First–of–it's–kind technology is giving local doctors a better look inside the body, with significantly less radiation. 3 On Your Side Health Reporter Stephanie Stahl has more.

This isn't your typical x–ray system. In just seconds, 9–year–old Jessica Molen, who has scoliosis, gets scans of her spine.

“It's really cool,” said Jessica.

It’s called the EOS Low–Dose 3–D Imaging System. It takes snapshots of the backbone simultaneously from different angles, unlike traditional x–ray. Typically there’s no need for repeat shots.

“For the littler kids who are scared of what’s going to happen, it will be quicker and easier for them to go through,” said Jessica.

It’s not only faster and better for the patient. The images are more clear for doctors, allowing them to see the spine and other bones in 3–D for the first time.

"This is clearly the biggest advance in imaging that we’ve had for the spine I would say since the advent of x–rays in 1890,” said Dr. Suken Shah, the Chief of Nemours Alfred I. duPont Hospital for Children’s Spine and Scoliosis Center. He says they are the first hospital in our area to offer the new technology, which is especially helpful with scoliosis.

“We can actually see that three dimensional twist. We can see the rotation. We can see what it’s doing to the ribs, to the lungs, to the chest wall, and we don’t have to interpret it or guess.

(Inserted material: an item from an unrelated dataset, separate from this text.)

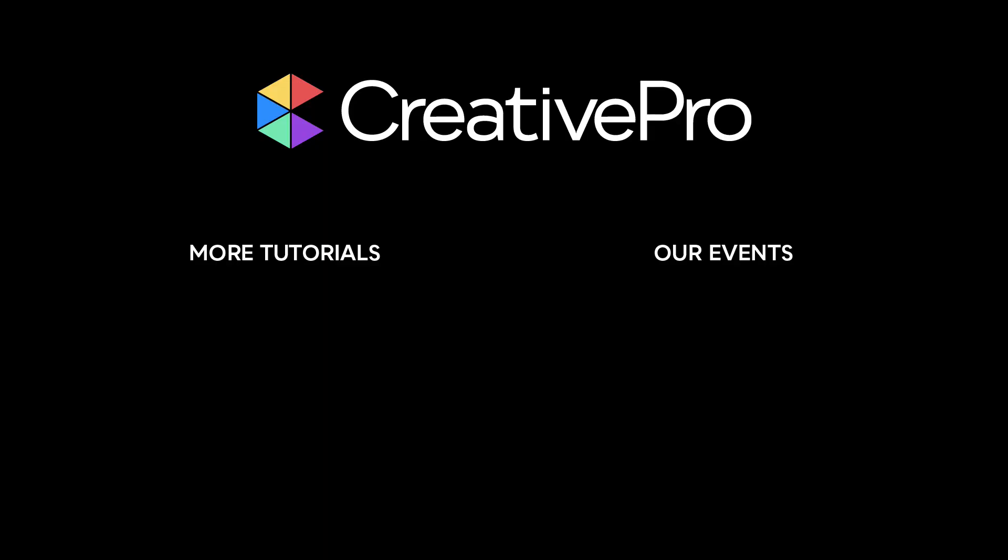Well, I hope you enjoyed this video. If you did, be sure to give it a like and subscribe to our channel. And for thousands more how-to articles and tutorials, visit our website creativepro.com and become a member today. Thanks for learning with us.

This is very important in treating patients surgically,” said Dr. Shah.

Doctors can now better plan surgeries, and they anticipate better outcomes.

Children with scoliosis need to frequently get x–rays, which exposes them to radiation. This new scan significantly reduces exposure.

“An x–ray in this machine is any where from 90 percent to half the radiation you would get from a normal x–ray machine. So it’s win, win. We get better pictures and we expose our children to less radiation,” said Dr. Shah.

Jessica now wears a back brace to keep her scoliosis in check. The Molen’s are thrilled with the benefits of the new scanner.

"We're really excited to have the opportunity. I think for lower dosage and as well as a better tool for the physician," said Kevin Molen, Jessica's dad.

The scanner isn't just used for scoliosis. Doctors say it can be used on other parts of the body.